DoclingConverter
DoclingConverter converts PDF, DOCX, HTML, and other document formats to Haystack Documents using Docling, a document parsing library that understands document structure including layout, tables, and headings.
| Most common position in a pipeline | Before PreProcessors, or right at the beginning of an indexing pipeline |
| Mandatory run variables | sources: A list of file paths, URLs, or ByteStream objects |
| Output variables | documents: A list of documents |
| API reference | Docling |
| GitHub link | https://github.com/deepset-ai/haystack-core-integrations/tree/main/integrations/docling |
| Package name | docling-haystack |
Overview
The DoclingConverter takes a list of file paths, URLs, or ByteStream objects and uses Docling to parse them into a rich document representation that captures layout, tables, headings, and other structural elements.
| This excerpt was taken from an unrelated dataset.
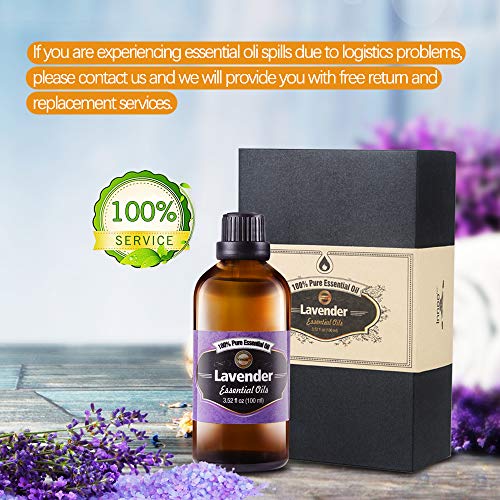 Aceite Esencial de Lavanda Puro aceite 100% orgánico, prensado en frío, filtrado y sin quemar, para pelo, piel, barba, cuerpo y uñas (Lavanda)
The component supports three export modes, controlled by the export_type parameter:
ExportType.DOC_CHUNKS(default): Chunks each document using Docling'sHybridChunkerand returns oneDocumentper chunk. Chunk metadata includes structural context from Docling. Use this mode for indexing pipelines where downstream retrieval benefits from semantically coherent chunks.ExportType.MARKDOWN: Exports each input document as a single Markdown string in oneDocument. Use this mode when you want to preserve the full document content as formatted text.ExportType.JSON: Serializes the full Docling document to a JSON string in oneDocument. Use this mode when you need access to the complete structured representation.
You can customize parsing behavior by passing a pre-configured DocumentConverter instance via the converter parameter, and pass additional keyword arguments to Docling's conversion step via convert_kwargs. For ExportType.MARKDOWN, use md_export_kwargs to control Markdown rendering options (for example, image placeholder text). For ExportType.DOC_CHUNKS, provide a custom BaseChunker instance via the chunker parameter.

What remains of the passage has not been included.